> [Given data]:
——————

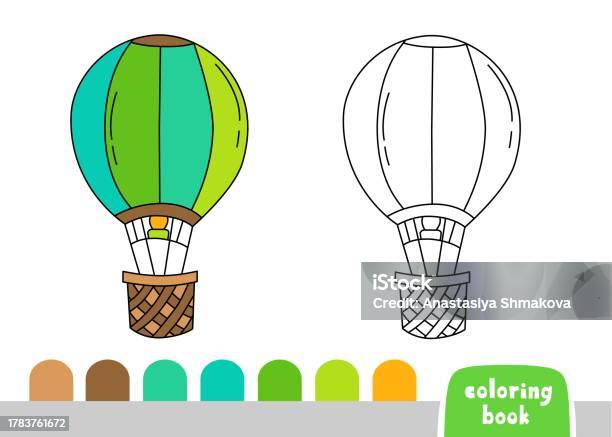 Air balloon coloring page worksheet game for kids coloring book vector cartoon illustration stock illustration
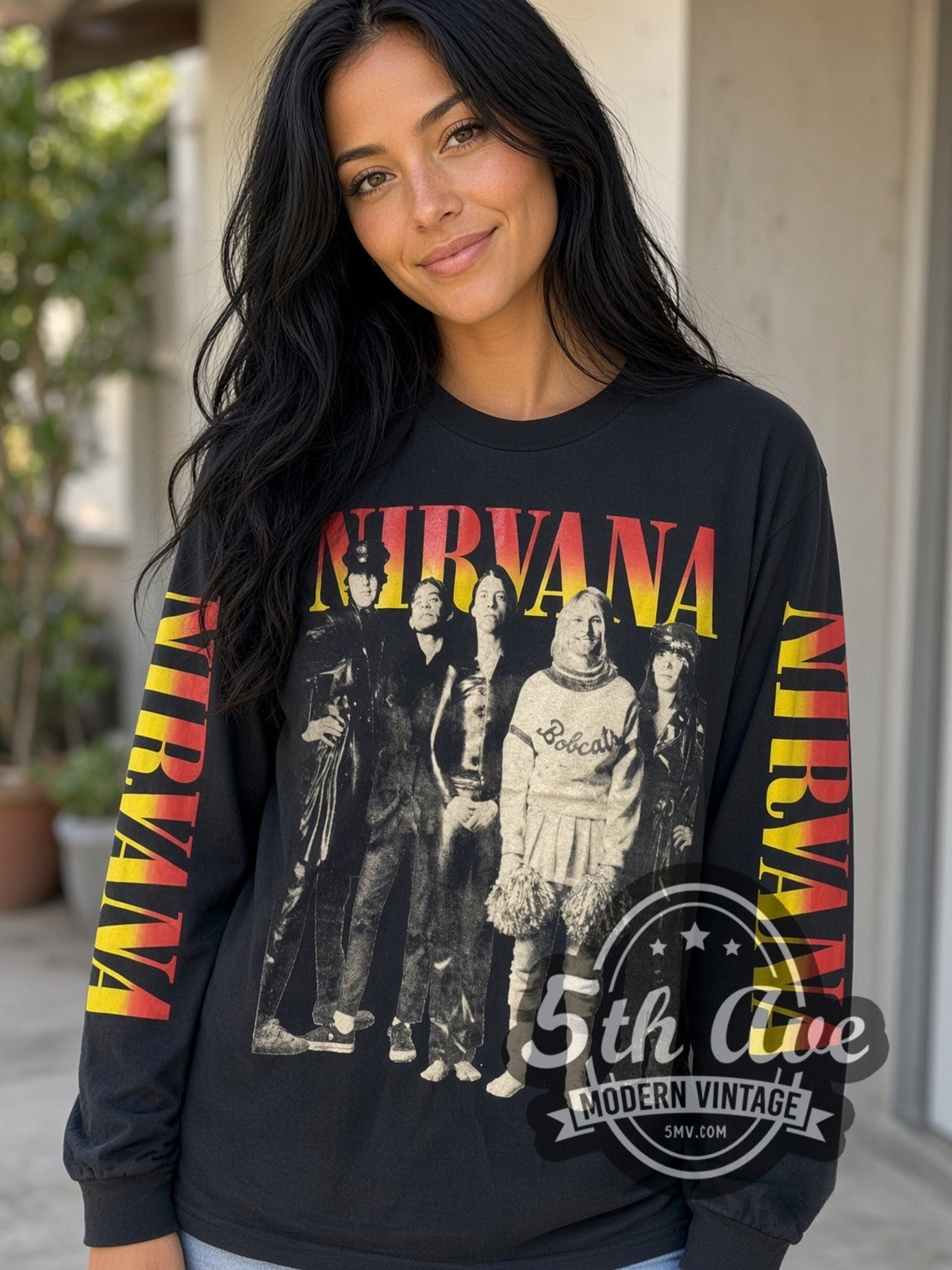 Model wearing the Nirvana Bobcats Photo vintage band long sleeve t-shirt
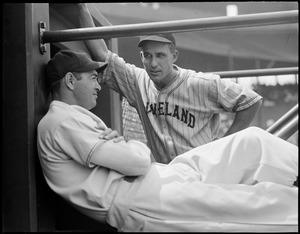 Two baseball players - Cleveland and Boston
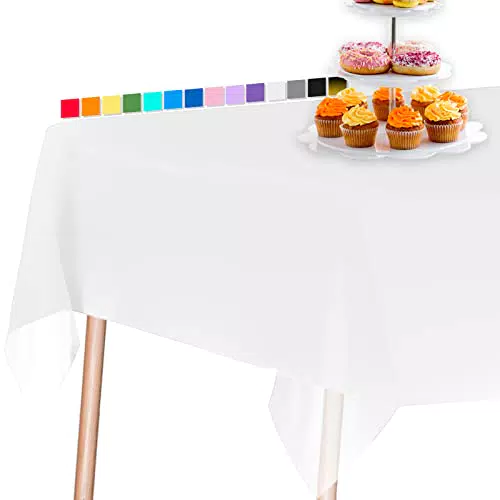 PartyWoo Tischdecke Weiß 3 STÜCK, 137 x 274 cm/ 54 x 108 Zoll Rechteckige Party Tischdecke Abwaschbar für 6 bis 8 Fuß Tisch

——————

> [Your goal]: Wherever a picture appears in the material above, skip it and copy the rest without change.

> [Task answer]:
 Air balloon coloring page worksheet game for kids coloring book vector cartoon illustration stock illustration
 Model wearing the Nirvana Bobcats Photo vintage band long sleeve t-shirt
 Two baseball players - Cleveland and Boston
 PartyWoo Tischdecke Weiß 3 STÜCK, 137 x 274 cm/ 54 x 108 Zoll Rechteckige Party Tischdecke Abwaschbar für 6 bis 8 Fuß Tisch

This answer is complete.